***** MATERIAL TO PROCESS

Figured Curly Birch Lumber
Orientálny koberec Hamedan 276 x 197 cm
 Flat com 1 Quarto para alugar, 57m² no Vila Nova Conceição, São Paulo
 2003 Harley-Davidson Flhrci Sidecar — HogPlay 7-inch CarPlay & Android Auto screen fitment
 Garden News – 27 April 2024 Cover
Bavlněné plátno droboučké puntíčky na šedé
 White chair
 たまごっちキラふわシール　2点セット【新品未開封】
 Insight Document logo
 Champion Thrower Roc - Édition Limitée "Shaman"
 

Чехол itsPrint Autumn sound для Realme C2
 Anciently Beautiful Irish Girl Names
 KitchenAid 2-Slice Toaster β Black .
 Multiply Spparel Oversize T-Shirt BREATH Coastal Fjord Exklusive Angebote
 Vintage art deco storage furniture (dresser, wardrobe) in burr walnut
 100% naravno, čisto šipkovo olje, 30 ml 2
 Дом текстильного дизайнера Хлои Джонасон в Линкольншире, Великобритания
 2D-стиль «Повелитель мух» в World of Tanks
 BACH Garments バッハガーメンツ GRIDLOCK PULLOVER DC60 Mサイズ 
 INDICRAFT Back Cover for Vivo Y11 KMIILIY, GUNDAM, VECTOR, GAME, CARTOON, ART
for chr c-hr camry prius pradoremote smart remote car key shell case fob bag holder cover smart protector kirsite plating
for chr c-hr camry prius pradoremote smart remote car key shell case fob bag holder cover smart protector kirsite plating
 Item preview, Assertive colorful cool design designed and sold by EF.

**********

Reproduce each entry exactly, leaving out nothing.

= SOLUTION FOR THIS EXERCISE =
Figured Curly Birch Lumber
Orientálny koberec Hamedan 276 x 197 cm
 Flat com 1 Quarto para alugar, 57m² no Vila Nova Conceição, São Paulo
 2003 Harley-Davidson Flhrci Sidecar — HogPlay 7-inch CarPlay & Android Auto screen fitment
 Garden News – 27 April 2024 Cover
Bavlněné plátno droboučké puntíčky na šedé
 White chair
 たまごっちキラふわシール　2点セット【新品未開封】
 Insight Document logo
 Champion Thrower Roc - Édition Limitée "Shaman"
 

Чехол itsPrint Autumn sound для Realme C2
 Anciently Beautiful Irish Girl Names
 KitchenAid 2-Slice Toaster β Black .
 Multiply Spparel Oversize T-Shirt BREATH Coastal Fjord Exklusive Angebote
 Vintage art deco storage furniture (dresser, wardrobe) in burr walnut
 100% naravno, čisto šipkovo olje, 30 ml 2
 Дом текстильного дизайнера Хлои Джонасон в Линкольншире, Великобритания
 2D-стиль «Повелитель мух» в World of Tanks
 BACH Garments バッハガーメンツ GRIDLOCK PULLOVER DC60 Mサイズ 
 INDICRAFT Back Cover for Vivo Y11 KMIILIY, GUNDAM, VECTOR, GAME, CARTOON, ART
for chr c-hr camry prius pradoremote smart remote car key shell case fob bag holder cover smart protector kirsite plating
for chr c-hr camry prius pradoremote smart remote car key shell case fob bag holder cover smart protector kirsite plating
 Item preview, Assertive colorful cool design designed and sold by EF.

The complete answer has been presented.